Mesa de celebración en una fotografía de Fernando Galindo |
Por aquel año ya habíamos pasado los terremotos, en cuya noche infausta muchas personas se llenaron de pánico en Cieza y salieron a la calle en paños menores como si fuera el fin del mundo; pues no estábamos acostumbrados a sentir bajo los pies aquella energía ondulante, aquella serpiente telúrica que surgía de las profundidades de la Tierra y, con su cola poderosa, hacía zozobrar la losa del pueblo como si fuera una balsa de piedra a merced de la ira de los dioses. Y, como no hacía mucho tiempo que se había inaugurado la Torre de Cieza, algunos de sus habitantes de los pisos altos, precavidos o temerosos, se bajaron a toda prisa con colchones a dormir en mitad de la Plaza de España, por si el rabo del demonio surgía con mayor ímpetu desde los sótanos del mundo y quebraba por sus cimientos el orgulloso edificio.

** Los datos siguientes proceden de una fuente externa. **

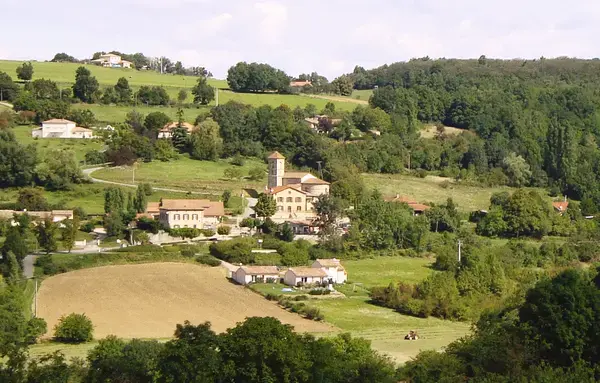 Monte Escalier 26 Monte escalier Le Chalon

También por entonces era ya un recuerdo para muchos la llegada a nuestro pueblo de Renato, un arriesgado funambulista que se paseaba sobre la Plaza de España caminando, con el torso desnudo, sobre un cable de acero; lo cual hizo que toda una generación de muchachas jóvenes se enamorasen sin remedio de aquel fabuloso titiritero venido de muy lejos y se lo llevaran por la noche al paraíso de sus sueños, al jardín perfumado de sus almohadas, donde crecía la flor de sus ilusiones.
Por otra parte, aún se columbraba en la bruma del futuro la década de los ochenta, en la que el genial autor de “La rebelión de la granja” había ambientado su novela futurista “1984”, en la cual la humanidad estaría sometida a dos tiranías alternativas y contrapuestas, y los individuos serían vigilados sin escapatoria por un ojo implacable, que George Orwell llamó “gran hermano”. Pero eso sería en un futuro todavía por llegar. Como también faltaba mucho para que saltáramos la cumbre de un nuevo siglo, donde Stanley Kubrick, basándose en la maravillosa novela de Arthur C. Clarke, había escenificado en su película “2001, una odisea en el espacio” la rebelión de un computador gigante en el desamparo humano del desierto cósmico.

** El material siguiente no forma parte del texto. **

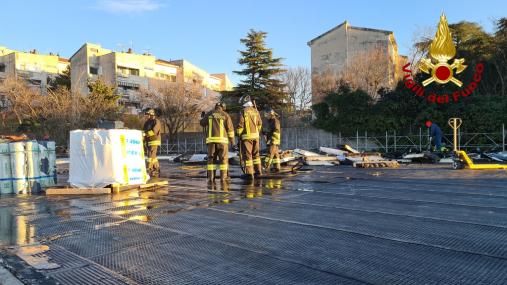 Incendio tetto scuola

Entonces, en el ahora ya lejano año 1968, me acuerdo que el tiempo pasaba tan lento para nosotros que pensábamos ser eternos. Nuestros padres nos matricularon en el instituto y hasta allí íbamos todas las mañanas con nuestras cartericas en la mano y en pantalón corto, por aquellas calles recién trazadas, donde abundaban solarones en los que sesteaban rumiando las cabras y descampados con carreras de hiladores, en las cuales los hombres caminaban a diario del revés.
Pero ahora, sin embargo, desde nuestro punto de vista privilegiado, en esta atalaya de jóvenes sesentaañeros que nos regala la vida, tenemos la ligera impresión de que cincuenta años solo ha sido un abrir y cerrar de ojos. Quizá por eso, para constatar que nosotros, los de entonces aún somos los mismos, hemos decidido reunirnos algunos alumnos de aquella afortunada promoción de 1968-69 y disfrutar de una comida de hermandad, cosa que hemos hecho el pasado sábado, día 24, con el mejor ambiente de camaradería y noble amistad. Pues no hay asideros más firmes para viajar en el tiempo que los recuerdos compartidos, nada más seguro para remontar los vaivenes de la vida que el sentimiento de pertenecer a un grupo, y no existe mejor ni más fiel amistad que la nacida a la misma edad en que nacen las emociones.